Postal union holds rallies to demonstrate against imposed 'unfair' wage increases
||Last Updated: 06/25/2011

The Harper government says it hopes to finish debating the Canada Post back-to-work bill by Thursday so that it can quickly send the bill on to the Senate for final passage.

Government House Leader Peter Van Loan says that he believes legislation will be passed by the end of the week when MPs in the House of Commons are dismissed for summer holiday. The NDP, however, is vowing to delay its passing.

Meanwhile, rallies are being held around the country by members of the Canadian Union of Postal Workers (CUPW) to demonstrate against the government's attempt to force them back to work if a contract agreement can't be reached.
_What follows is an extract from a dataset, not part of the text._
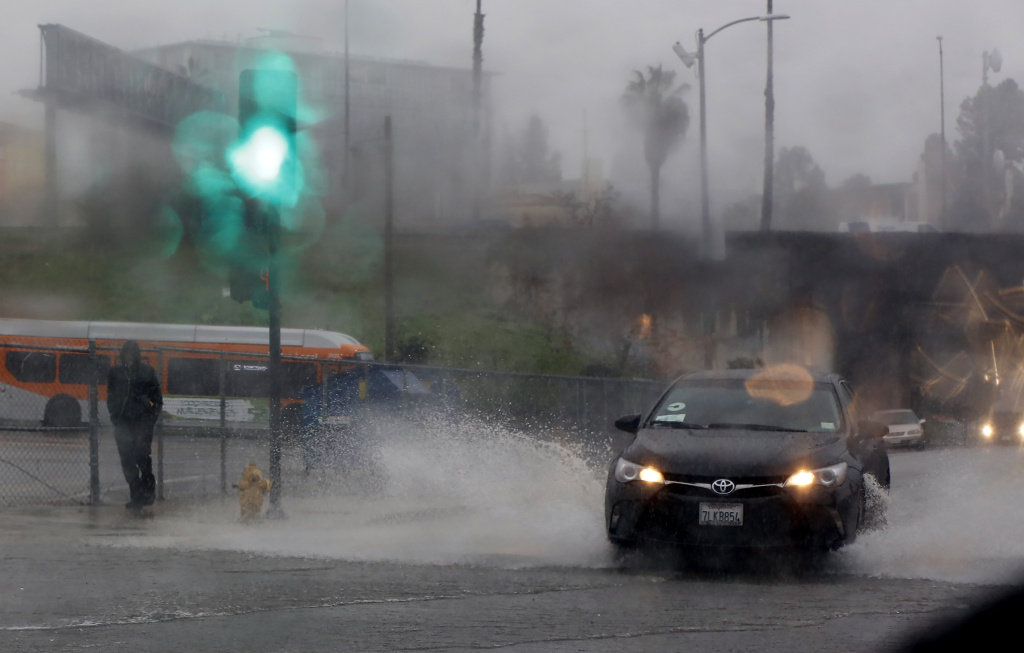 File: Raindrops bead upon a windshield as a pedestrian walks through rain in downtown Los Angeles, Friday, Jan. 20, 2017.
The government has said it hopes the possibility of the bill will make Canada Post and its workers reach their own agreement.

Bill C-6, An Act to provide for the resumption and continuation of postal services, introduced in Parliament yesterday, contains wage increases that are less than those in Canada Post’s last offer and “well below” the inflation rate of 3.3 per cent, according to the union.

The bill contains the following wage increases:

· 1.75 per cent in the first year

· 1.5 per cent in the second year

· 2.0 per cent in the third year

· 2.0 per cent in the fourth year

In contrast, Canada Post’s last offer contained a 1.9 per cent increase in the first three years and 2.0 per cent in the last year.

“Imposing wage increases that are lower than Canada Post’s last offer punishes postal workers for a disruption that was caused by the corporation’s national lockout,” said CUPW National President Denis Lemelin. “The bill would take $875.50 out of the pockets of an average full-time postal worker during the four years of the agreement.”

Lemelin also noted that legislation introduced after the Canada Post strike in 1997 included a provision that ensured the mediator arbitrator considered the importance of good labour-management relations. He says the current legislation contains no such provision.

“The arbitrator who is assigned to do the final offer selection will not have to live with the results,” said Lemelin. “An imposed settlement will not help the post office in the long term.”

If Bill C-6 is signed into law, an independent arbitrator will make a binding decision between the final offer from management and the final offer from the CUPW.

When Labour Minister Lisa Raitt introduced the legislation in the House of Commons Monday, she said the two parties had an “ample amount of time” to negotiate an agreement.

"It is both parties at the table who are negotiating and have been unable to obtain an agreement," Raitt said. "That's why we are acting on behalf of Canadians, on behalf of small businesses, on behalf of charities who are being affected by this work stoppage across the country."

Raitt also said she spoke with both parties and the conversation left her optimistic that a settlement could be reached without the legislation.

The main issues in the dispute are placing new employees on a different wage grid and introducing a new pension plan. The union of 48,000 urban employees is also concerned about some health and safety issues.

Canada Post has offered raises to existing employees, but has said that a lower wage scale for workers hired in the future is essential for its long-term survival.

Canada Post has also said it needs to change its pension plan because it is currently suffering a $3.2 billion pension deficit. The union insists that this figure is exaggerated.

CUPW began a series of 24-hour strikes on June 3, rotating among different communities across the country. Canada Post locked out the workers last week saying rotating job action had become too costly. Hours later, Raitt informed Parliament that the government would introduce back-to-work legislation.